Reproduce exactly the lines of this material that begin at the line with "Scepter PFSD1421 14" and end at the line with "Cleyton M feat. Séketxe - Go It (Kuduro)", both included. Omit the pictures and everything else.

■ Records for this exercise
Segment Open

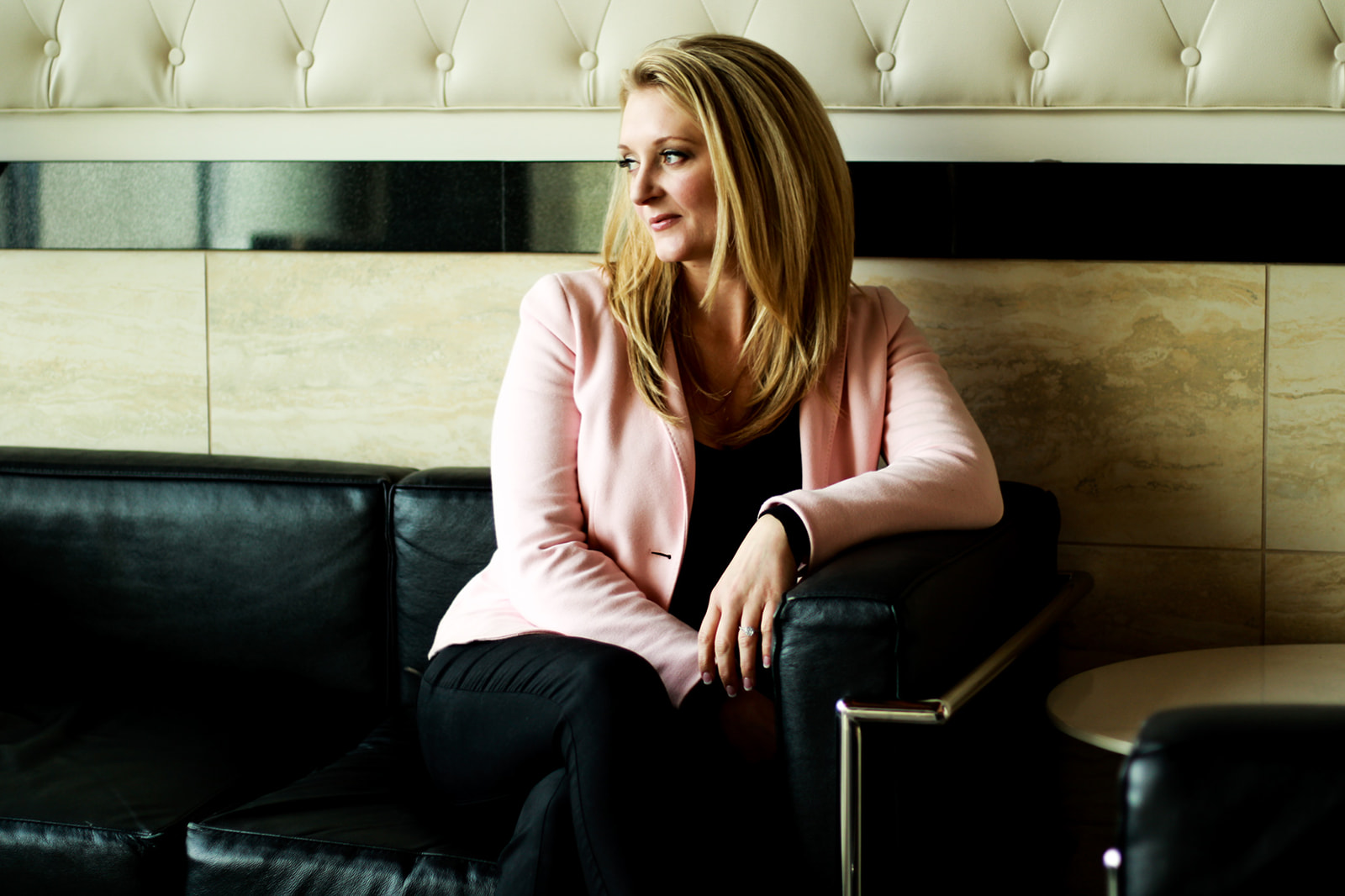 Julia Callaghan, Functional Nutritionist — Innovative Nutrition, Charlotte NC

Segment Closed
Segment Open

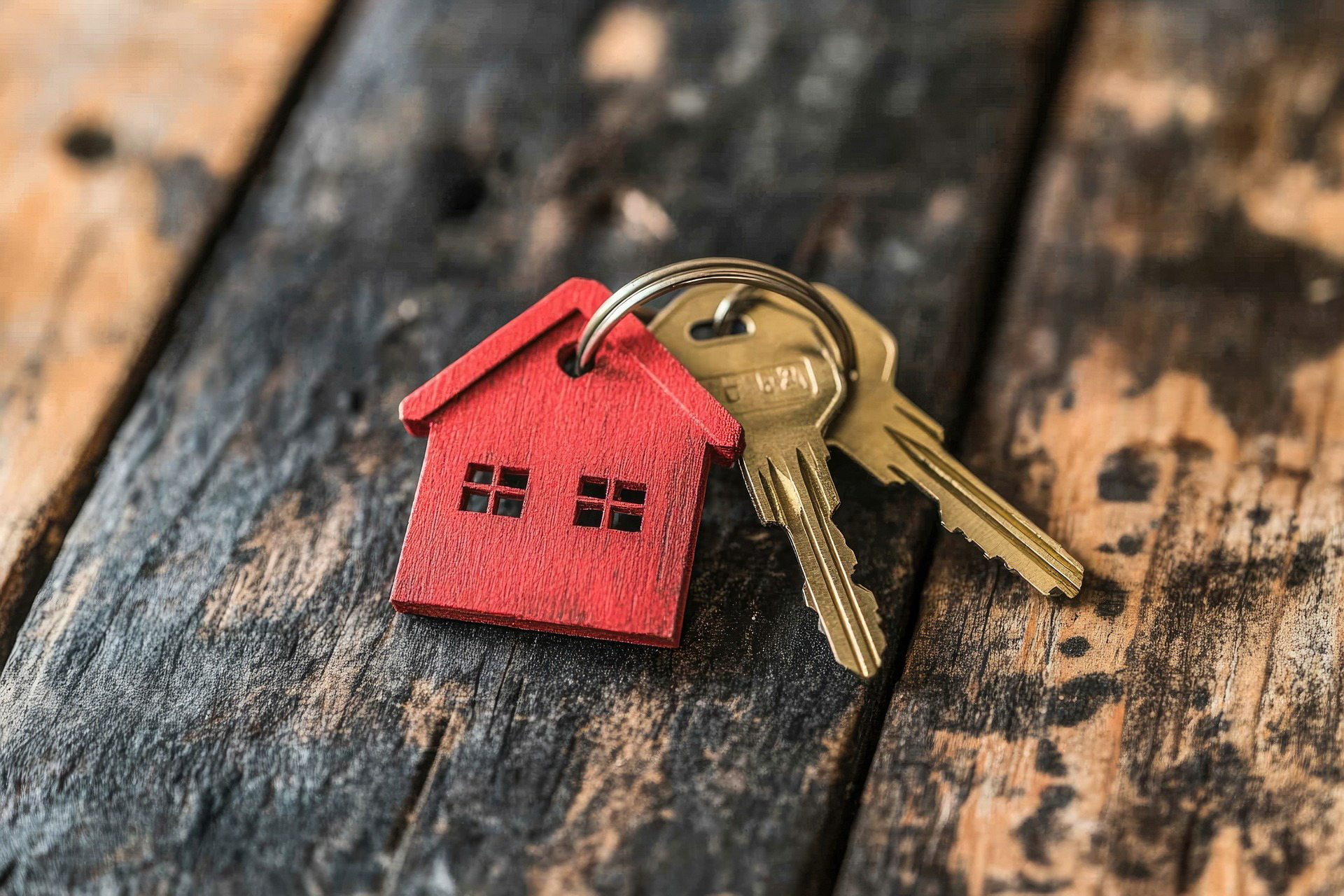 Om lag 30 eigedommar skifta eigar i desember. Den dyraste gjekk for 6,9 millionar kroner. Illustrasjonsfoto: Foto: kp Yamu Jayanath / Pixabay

Segment Closed
Segment Open

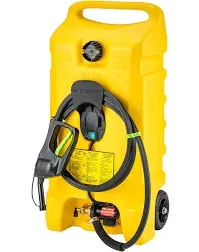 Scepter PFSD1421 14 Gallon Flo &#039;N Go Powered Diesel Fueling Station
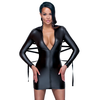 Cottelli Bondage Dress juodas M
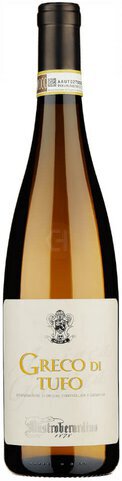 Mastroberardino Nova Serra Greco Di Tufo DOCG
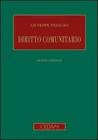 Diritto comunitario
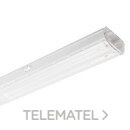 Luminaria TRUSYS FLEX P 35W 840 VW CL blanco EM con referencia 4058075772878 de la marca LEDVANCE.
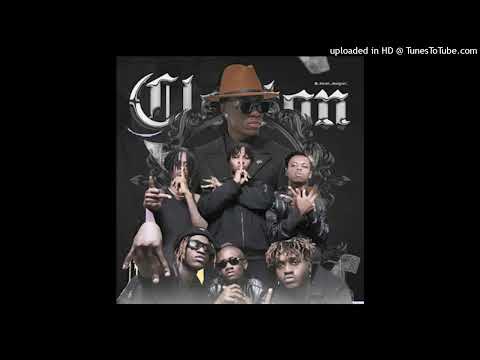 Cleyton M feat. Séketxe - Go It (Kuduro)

Segment Closed

■ Result of this task
 Scepter PFSD1421 14 Gallon Flo &#039;N Go Powered Diesel Fueling Station
 Cottelli Bondage Dress juodas M
 Mastroberardino Nova Serra Greco Di Tufo DOCG
 Diritto comunitario
 Luminaria TRUSYS FLEX P 35W 840 VW CL blanco EM con referencia 4058075772878 de la marca LEDVANCE.
 Cleyton M feat. Séketxe - Go It (Kuduro)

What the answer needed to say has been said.